### Your assignment
Reproduce word for word, from the entries below, the line with "Пазлы для малышей", the line with "TENDER RAMPUNG: Operasional", and every line between them, and nothing more.
▽
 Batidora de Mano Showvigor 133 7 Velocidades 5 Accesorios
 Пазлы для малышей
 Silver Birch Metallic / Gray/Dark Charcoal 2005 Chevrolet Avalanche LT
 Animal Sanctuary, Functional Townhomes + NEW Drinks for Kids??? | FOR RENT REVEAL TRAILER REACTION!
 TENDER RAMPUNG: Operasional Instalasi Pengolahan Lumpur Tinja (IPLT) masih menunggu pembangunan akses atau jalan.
△
▽
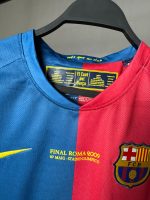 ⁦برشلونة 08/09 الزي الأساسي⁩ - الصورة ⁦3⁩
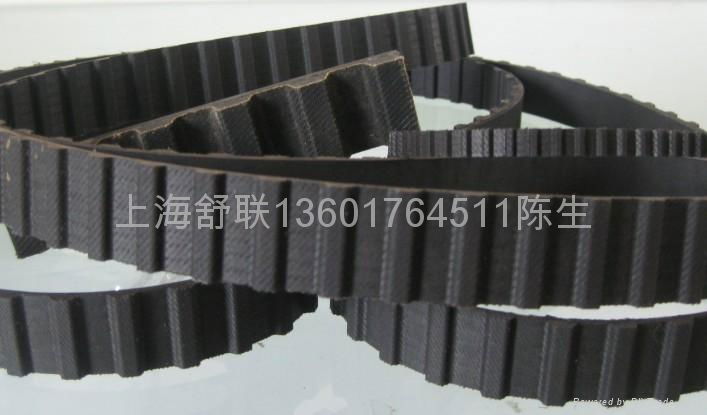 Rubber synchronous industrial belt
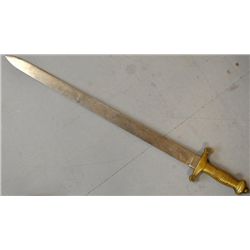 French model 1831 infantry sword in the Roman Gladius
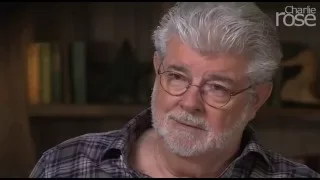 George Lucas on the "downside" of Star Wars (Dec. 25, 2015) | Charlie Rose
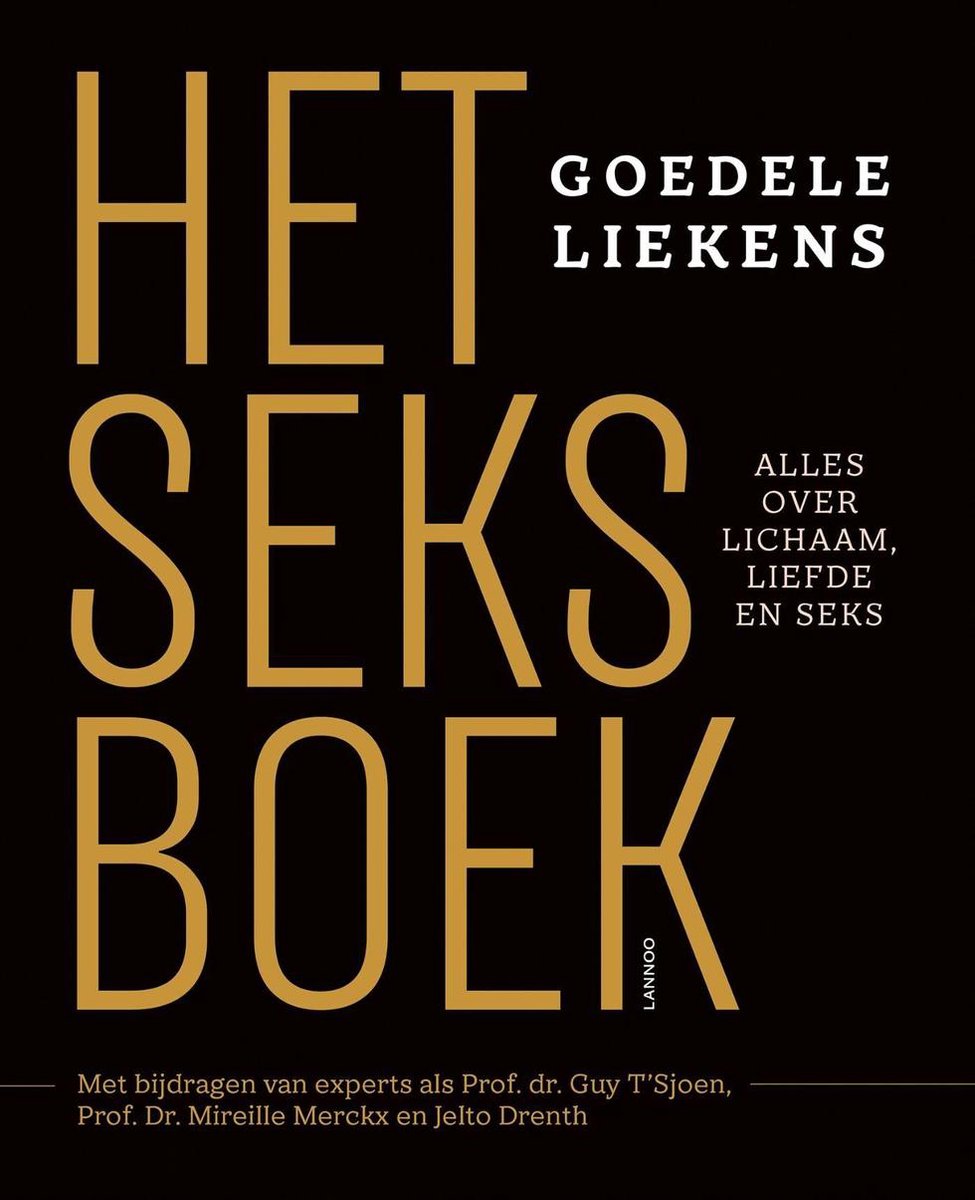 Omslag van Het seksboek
△
▽
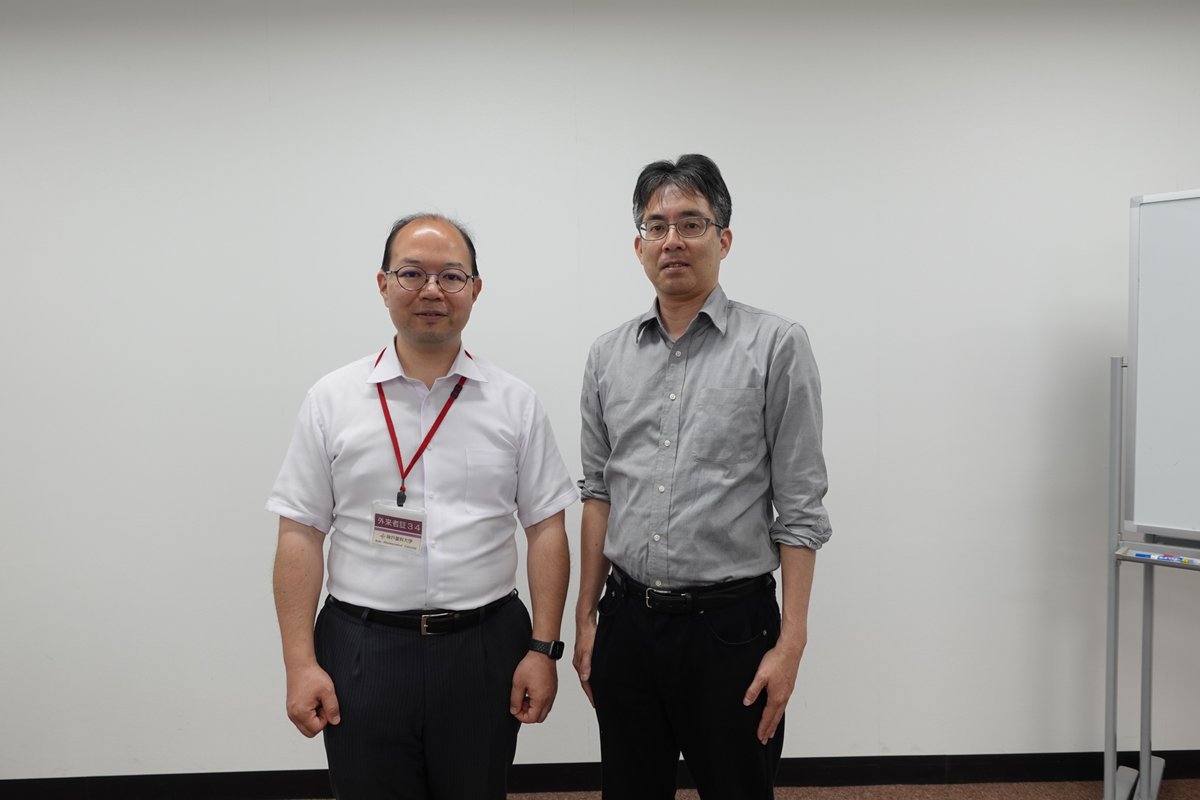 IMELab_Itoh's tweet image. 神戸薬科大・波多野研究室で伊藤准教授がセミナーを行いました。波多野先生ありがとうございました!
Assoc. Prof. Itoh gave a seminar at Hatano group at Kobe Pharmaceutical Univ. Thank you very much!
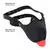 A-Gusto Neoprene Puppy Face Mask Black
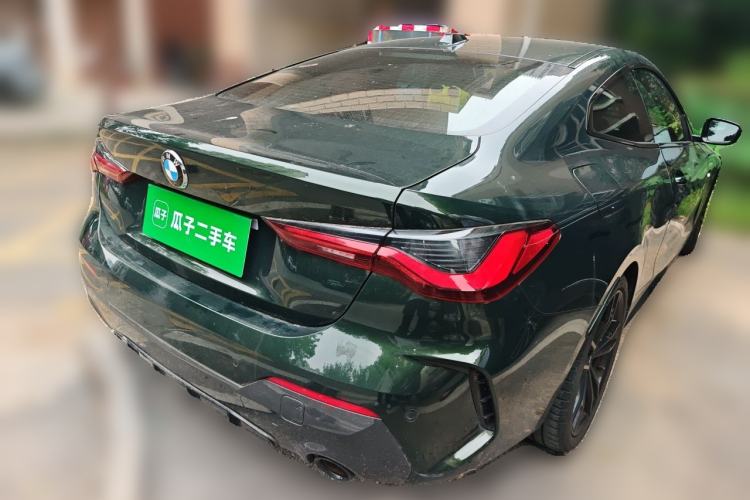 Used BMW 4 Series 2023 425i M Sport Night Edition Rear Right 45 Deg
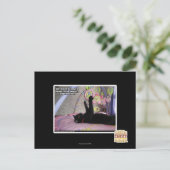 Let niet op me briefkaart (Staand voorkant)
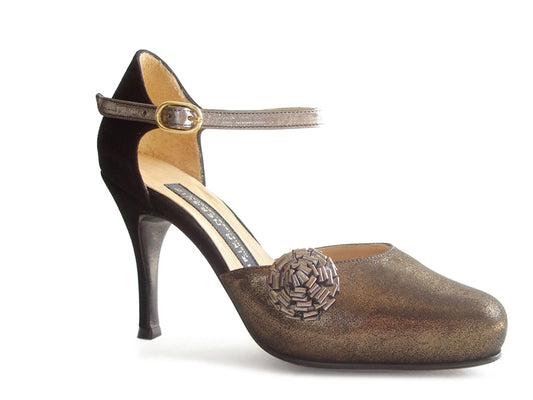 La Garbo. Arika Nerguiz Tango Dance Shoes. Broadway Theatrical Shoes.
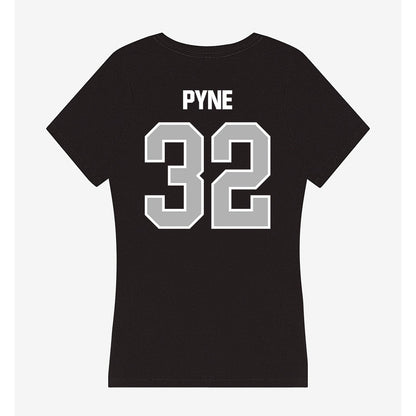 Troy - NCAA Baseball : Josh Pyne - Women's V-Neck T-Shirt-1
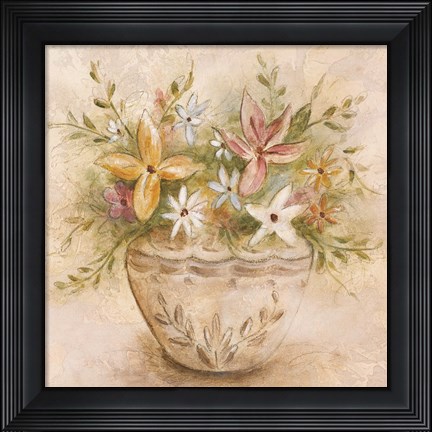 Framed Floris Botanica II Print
△
### Exercise answer
 Пазлы для малышей
 Silver Birch Metallic / Gray/Dark Charcoal 2005 Chevrolet Avalanche LT
 Animal Sanctuary, Functional Townhomes + NEW Drinks for Kids??? | FOR RENT REVEAL TRAILER REACTION!
 TENDER RAMPUNG: Operasional Instalasi Pengolahan Lumpur Tinja (IPLT) masih menunggu pembangunan akses atau jalan.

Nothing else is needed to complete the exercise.